I follow her to bed and settle beside her on top of the covers. She turns toward me, careful of her injuries, and rests her head against my shoulder.
"Tell me about where we go after," she says softly. "Tell me what our future could look like."
So I do. I describe the cabin tucked into the mountains of Montana, the lake stretching cold and clear, the way morning fog rolls through valleys like something out of a painting. I talk about silence that isn't threatening, about stars visible without city lights drowning them, about the possibility of days that don't include violence.
Her hand finds mine in the darkness, fingers threading through mine with surprising strength. "I want that," she whispers. "I want it so much it terrifies me."
"Then let's make it happen." I squeeze her hand gently. "Let's finish this and get the hell out of this life."
Her breathing evens out as exhaustion claims territory pain had been holding. But before she falls asleep completely, I know one thing is true.
Whatever it takes. Whatever it costs.
We survive tomorrow. Together.
CHAPTER 19
Sofiya
SONG: LITTLE GIRL GONE BY CHINCHILLA
The mansion risesfrom the hill like the eyesore it is. I stand at the edge of the tree line with Volk beside me, studying the structure that once housed everything I loved and everything I lost. The same imposing columns and oversized windows, which let morning light flood the breakfast room whereMamochkawould brush my hair while I ate, and the same heavy doors that swung shut behind me the day I walked into Father's office and watched my world end. Different guards, though. Father's paranoia has multiplied since Volk put those bullets in him. The perimeter teams have doubled , and dogs patrol the fence line, their handlers keeping them on short leashes while they snarl and sniff the ground.
"Seventeen exterior guards," Volk murmurs beside me, his voice barely disturbing the night air. "Four teams of three plus the handlers. They rotate every twenty minutes."
"The gap?"
"Northwest corner. The camera has a blind spot where the oak tree blocks its view. Twelve seconds to cross from cover to the servant entrance."
Twelve seconds. An eternity when armed men are looking for any excuse to shoot.

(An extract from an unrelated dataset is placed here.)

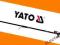 YATO SEKATOR NA WYSIĘGNIKU 140 CM YT-8877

I check my weapons one final time. The Sig sits comfortably in my thigh holster. Two knives, one at my ankle and one strapped to my forearm. The garrote wrapped around my thigh again like a macabre charm. My body still aches from yesterday's injuries, ribs protesting every deep breath, knee throbbing with each step. But pain is just information. I've learned to file it away and keep moving.
"Ready?" Volk asks.
The question carries weight beyond the single word. Am I ready to finish what started ten years ago? Am I ready to kill the man who murdered my mother? Am I ready to become whatever I'll be when this is over?
"Yes."
We move.
The first guard dies without sound. Volk appears behind him like smoke taking human form, one hand covering the man's mouth while the other draws a blade across his throat. The body folds silently into the bushes. I don't look back. Can't afford sentiment for men who chose to work for a monster.
The northwest gap materializes exactly where Volk promised. I count heartbeats as we sprint across open ground. Eight. Nine. Ten. Eleven. The servant entrance looms and then we're through, swallowed by shadows that smell like industrial cleaner and old wood.
It’s clear that the servants have been sent away. Father’s paranoia useful for once. The empty hallways twist through my memory like ghosts. I know this place. I walked these floors as a child, played hide and seek with the cook's daughter in these very passages. The familiarity makes everything worse. Makes the violence we're about to commit feel like desecration of something sacred.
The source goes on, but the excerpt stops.